Three dynamic bogie vehicle impact tests were conducted on full-scale beams as part of this project. The reinforced concrete beams were simply supported and designed with longitudinal tensile reinforcement only. The bogie was setup with an impact head to produce four-point bending, as schematically shown in Figure 67. The test setup is similar to a concrete bridge rail impact, yet significantly simplified in order to isolate the concrete behavior. All tests were conducted with a 2,186.9 kilograms (kg) (0.05 lb) vehicle at speeds of 8.6, 15.9, and 33.km/h (5.3, 9.9, and 21 mi/h)). Observed damage consisted of flexural type cracks with beam rebound at low impact speed to inclined shear cracks and beam breakage (no rebound) at high impact speed. All testing procedures, tests results, and data reduction are documented in Bielenberg.(11) Figures of the test results and testing apparatus, shown in this section, are also reproduced from that reference.

Figure 67. Illustration. Schematic of bogie vehicle impacting reinforced concrete beam. This is an illustration of the large bogie vehicle impacting the reinforced concrete beam. The vehicle is 1,828.8 millimeters wide, with two round steel impactor heads spaced 609.6 millimeters apart. The beam is 4,267.2 millimeters wide between the round steel supports, which are called load frames. The supports are 304.8 millimeters from each end of the beam. The beam is 343 millimeters deep. Two number 6 reinforcement bars are shown on the tensile side of the beam.

mm = 0.039 inch

Figure 67. Schematic of bogie vehicle impacting reinforced concrete beam.

The beam is 4,887 mm (192.4 inches) long with a rectangular cross section that is 203 mm (8 inches) wide and 343 mm (13.5 inches) deep. The distance from the beam compression face to the single row of rebar is 279 mm (11 inches). The steel reinforcement is two No. 6 rebars (19-mm (0.75-inch) diameter).

The bogie head is fitted with two impact cylinders made of 76-mm (3-inch) diameter round bar stock. The beam reacts against two load frames, located near the ends of the beam, which are also fitted with 76-mm (3-inch) diameter round bar stock. The beam rests on two intermediate supports, placed between each impact cylinder and load frame. The beams are greased to reduce friction between the beam and support shelf, as shown in Figure 68.

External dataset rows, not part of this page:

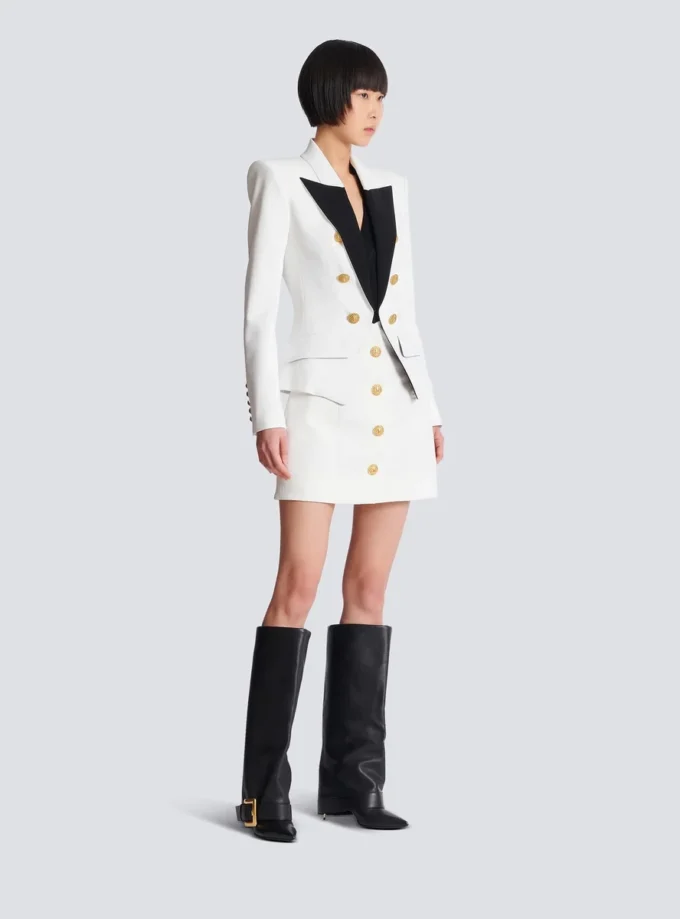 Zweifarbige Jacke mit 6 Knöpfen Zweifarbige Jacke mit 6 Knöpfen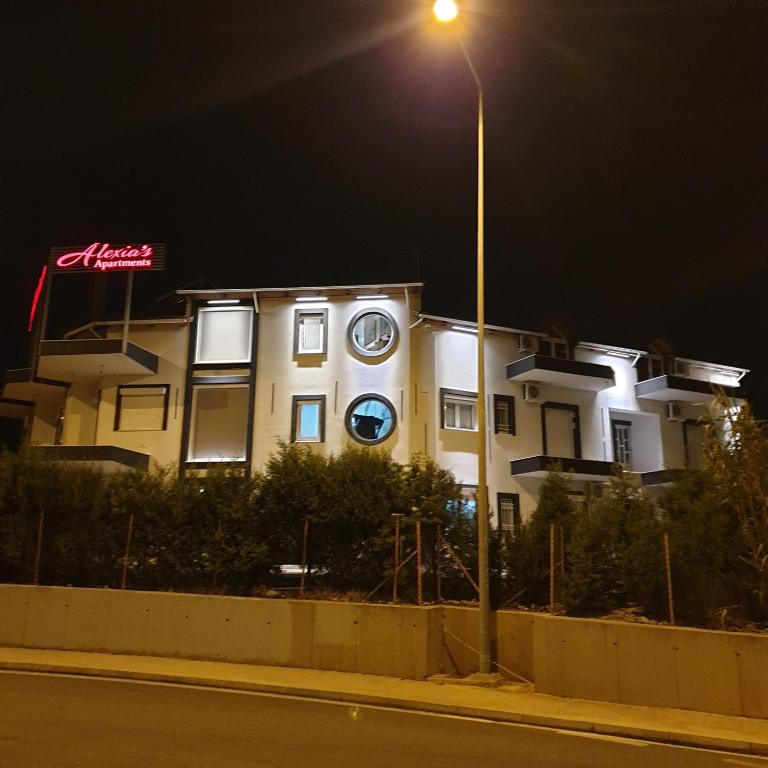 Budova, v ktorej sa apartmánový hotel nachádza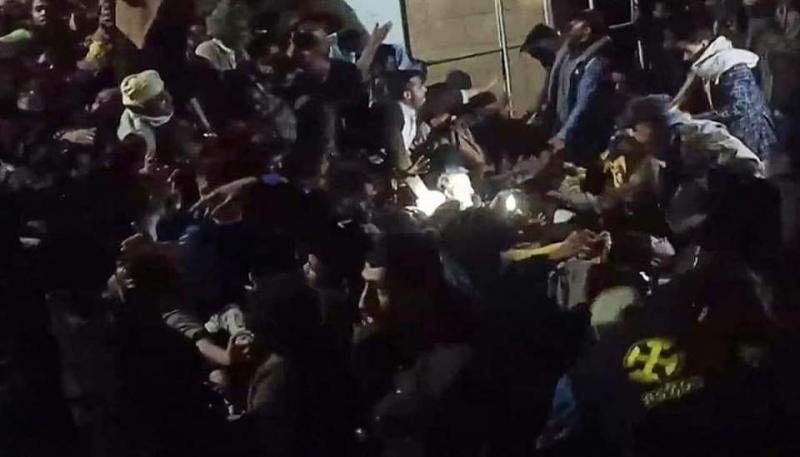 شاهد عيان يروي لأخبار الساعة تفاصيل حادثة التدافع المؤلمة بصنعاء ليلة 28 رمضان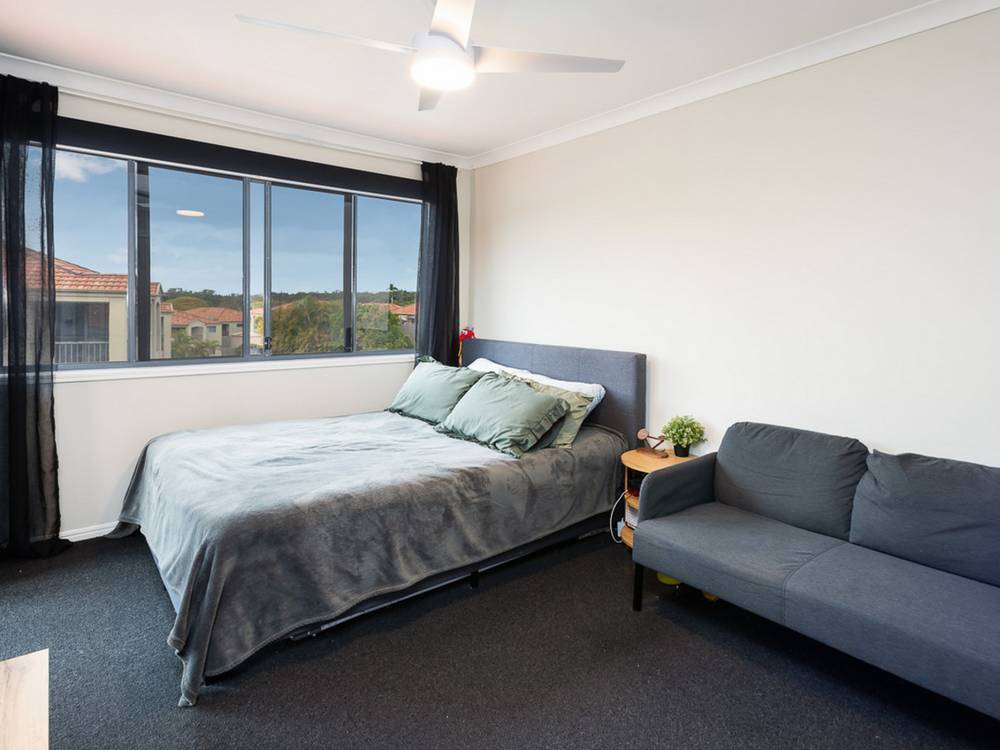 19/1 Santa Isobel Boulevard, Pacific Pines, QLD 4211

Test instrumentation included videos, high-speed film, gages, and post-test photographs. Videos of each test were taken from overhead and from the side. These videos were used to determine deflection histories in two of the three tests. High-speed film was also used to record the event and to generate high-resolution photographs for documentation. The concrete beams were instrumented with strain gages on the compressive face of the beam. Strain gages were also placed on the rebar, but were under-ranged and yielded little information. The load frames were instrumented with strain gages on the angled tube of each frame, as shown in Figure 68. The bogie was instrumented with an accelerometer near its center of mass. The accelerometer failed to trigger in one test and yielded different force history results than the load frame gages in the other two tests. Therefore, the accelerometer data were considered unusable by those who conducted the tests.

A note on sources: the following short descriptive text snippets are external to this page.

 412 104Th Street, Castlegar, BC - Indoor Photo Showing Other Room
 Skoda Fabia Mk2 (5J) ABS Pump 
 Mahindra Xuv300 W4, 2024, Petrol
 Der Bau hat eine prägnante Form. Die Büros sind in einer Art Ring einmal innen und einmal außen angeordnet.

Figure 68. Photo. The beam rests on greased supports, and reacts against two load frames. This photo is a side view of the beam. It is resting on greased steel supports. The load frame supports with the round steel bars are visible in the foreground. Cables extend from the diagonal load frame support where a strain gage is attached. Cables also extend from the compressive face of the beam, and pop out of the top of the beam from the rebar. Also shown is the front of the bogie vehicle. It shows the round steel impactors back to the front tires.

Figure 68. The beam rests on greased supports and reacts against two load frames.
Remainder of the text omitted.